From the line containing "131254 von ESTAhome" to the last line of the listing, transcribe exactly and add nothing else; keep both ends and omit pictures.

▸ INPUT MATERIAL:
━━━━━━━━━━━━━━━━━━━━
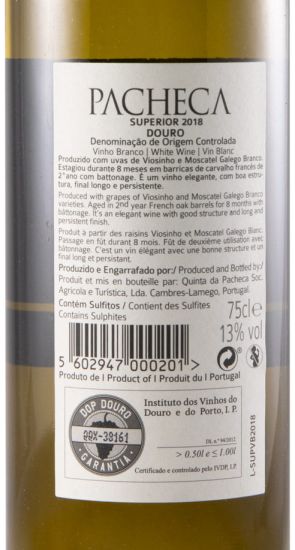 2018 Pacheca Superior branco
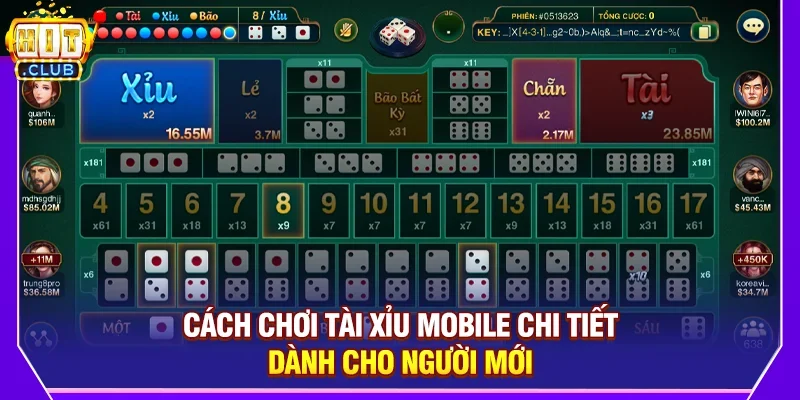 Cách chơi Tài xỉu mobile chi tiết dành cho người mới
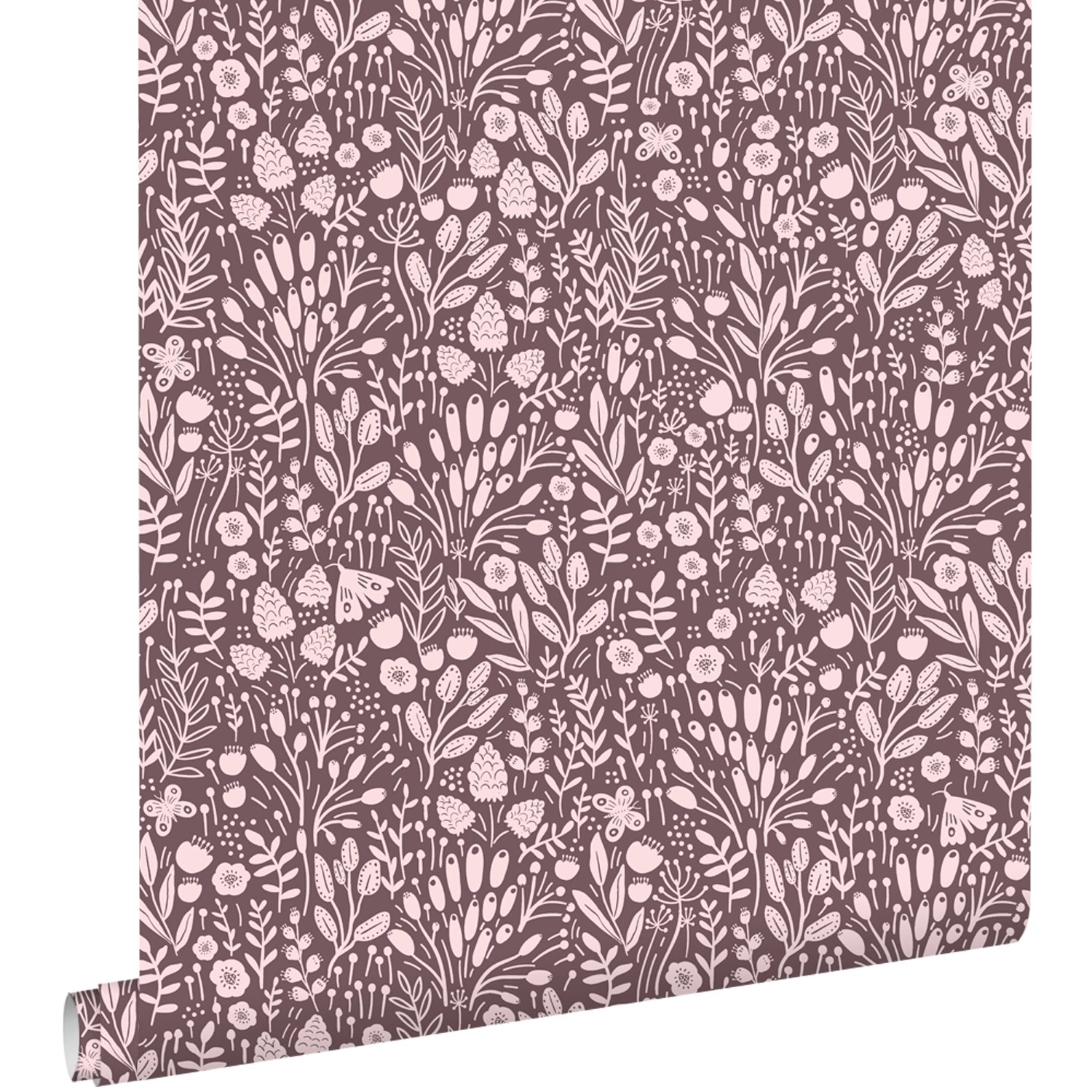 ESTAhome Tapete Blumen Aubergineviolett 50 X 900 Cm 131254 ESTAhome Tapete Blumen Aubergineviolett 50 X 900 Cm 131254 von ESTAhome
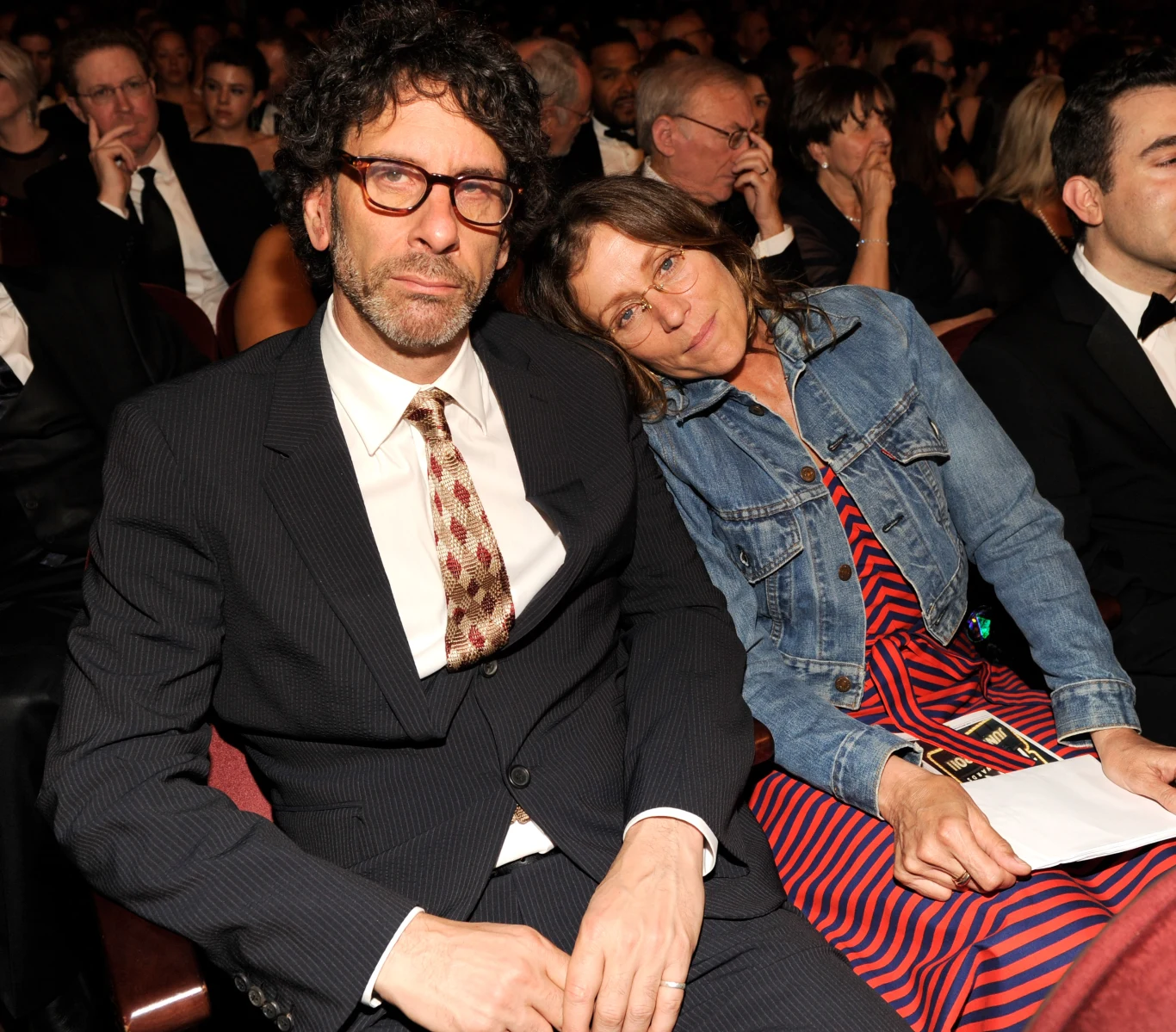 Joel Coen i Frances McDormand w 2011 roku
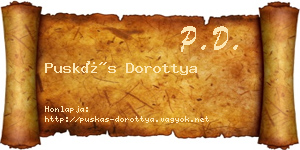 Puskás Dorottya névjegykártya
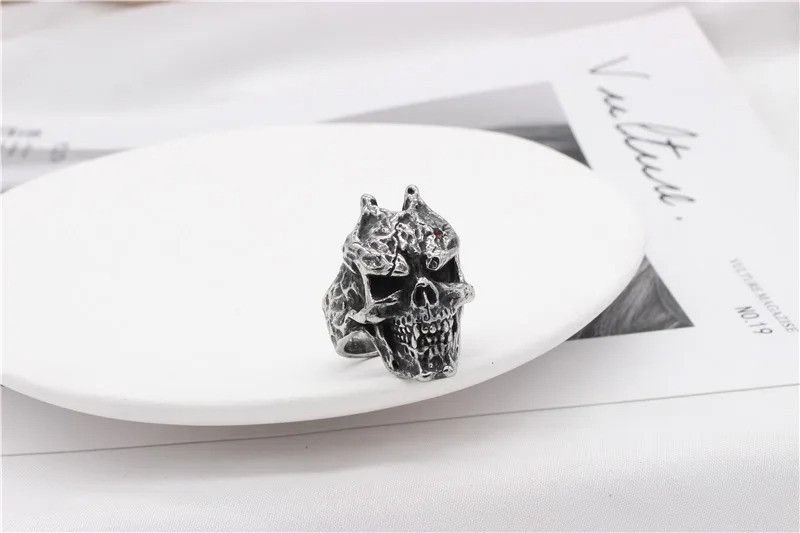 Jewelry Skeleton Design Dark Style Ring Size ONE SIZE - 1 Thumbnail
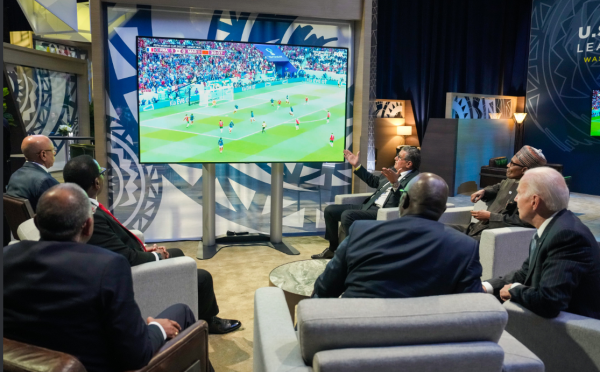 ביידן צפה במשחק עם ר"מ מרוקו: "מדהים לראות"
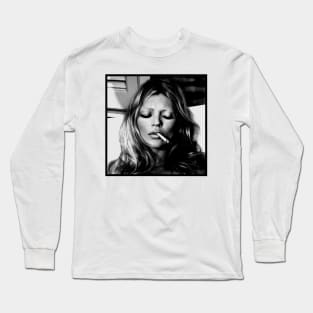 Kate Girl Smoking Cigarette Fan Art Long Sleeve T-Shirt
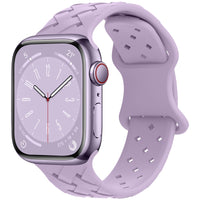 Thumbnail for Silicone Strap For Apple Watch bracelet Breathable Band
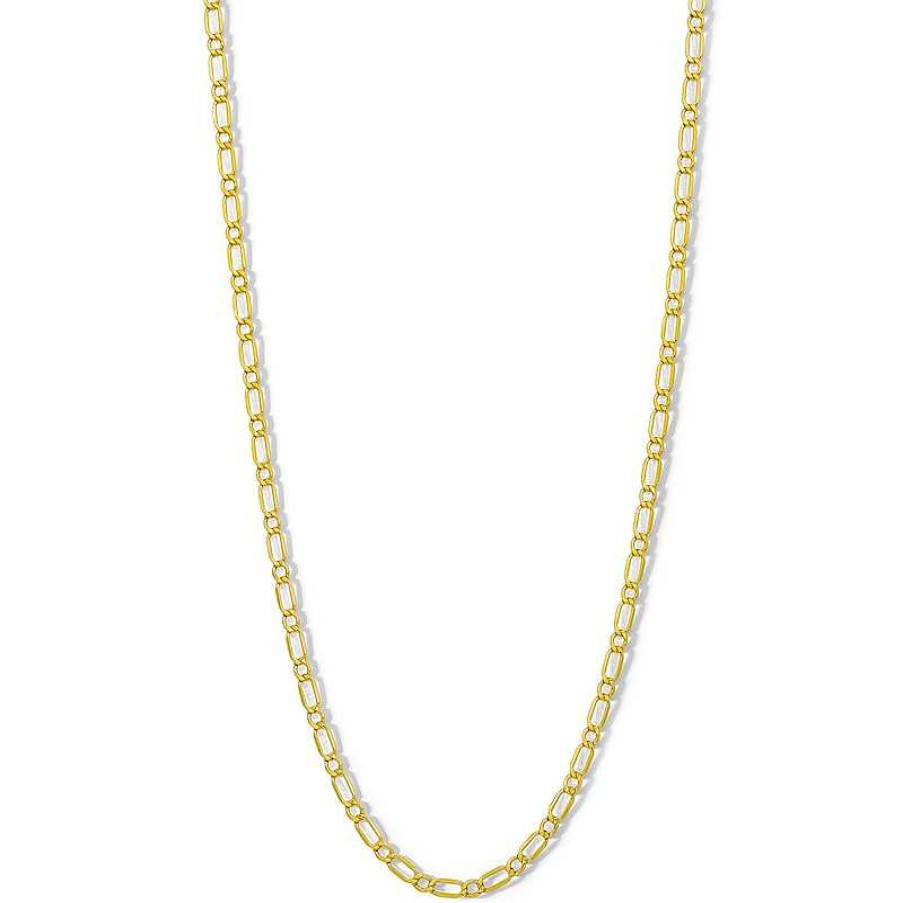 Banter 10K Hollow Gold Figaro Chain - 20" Necklaces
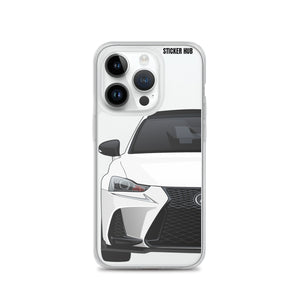 White Lexus IS300 - iPhone Case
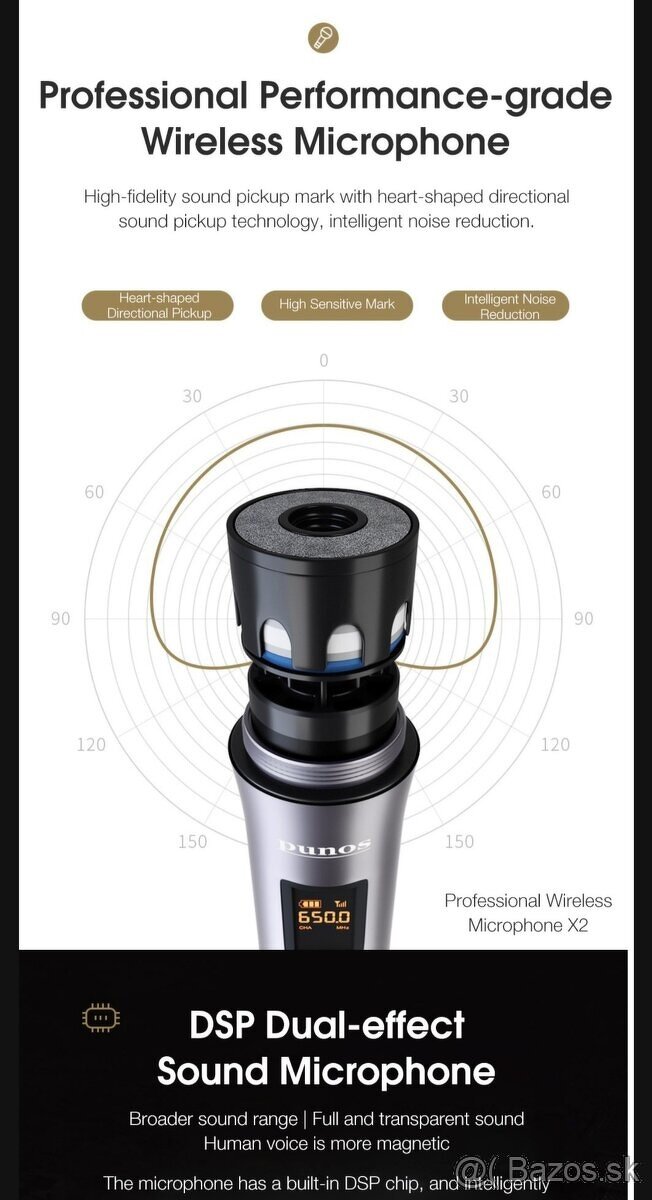 Xiaomi Punos 350w profesionálny reproduktor +2 x mikrofón - 9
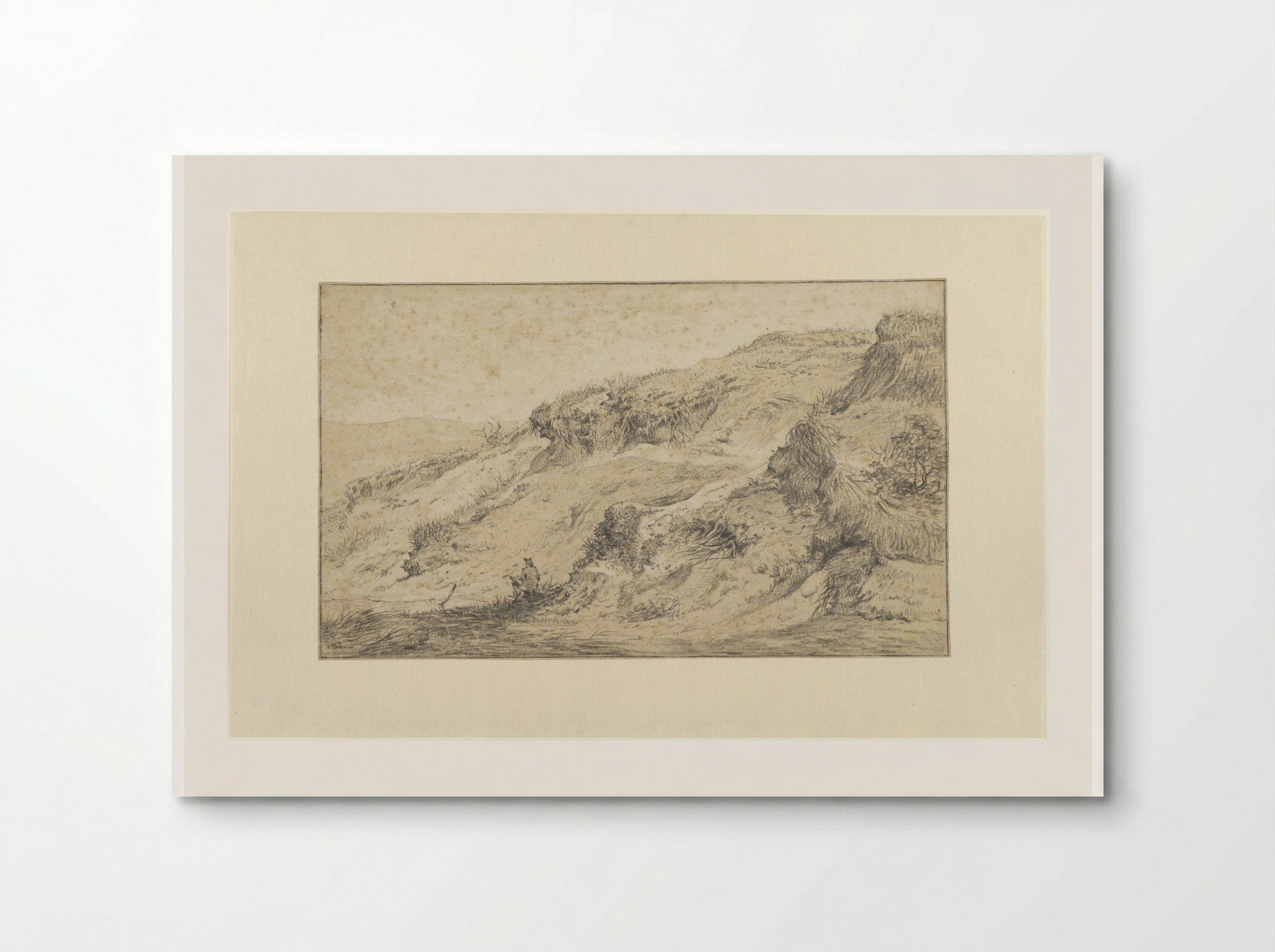 Landschap met houtsprokkelaar - Hermanus Fock - Poster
━━━━━━━━━━━━━━━━━━━━
▸ EXERCISE ANSWER:
 ESTAhome Tapete Blumen Aubergineviolett 50 X 900 Cm 131254 ESTAhome Tapete Blumen Aubergineviolett 50 X 900 Cm 131254 von ESTAhome
 Joel Coen i Frances McDormand w 2011 roku
 Puskás Dorottya névjegykártya
 Jewelry Skeleton Design Dark Style Ring Size ONE SIZE - 1 Thumbnail
 ביידן צפה במשחק עם ר"מ מרוקו: "מדהים לראות"
 Kate Girl Smoking Cigarette Fan Art Long Sleeve T-Shirt
 Thumbnail for Silicone Strap For Apple Watch bracelet Breathable Band
 Banter 10K Hollow Gold Figaro Chain - 20" Necklaces
 White Lexus IS300 - iPhone Case
 Xiaomi Punos 350w profesionálny reproduktor +2 x mikrofón - 9
 Landschap met houtsprokkelaar - Hermanus Fock - Poster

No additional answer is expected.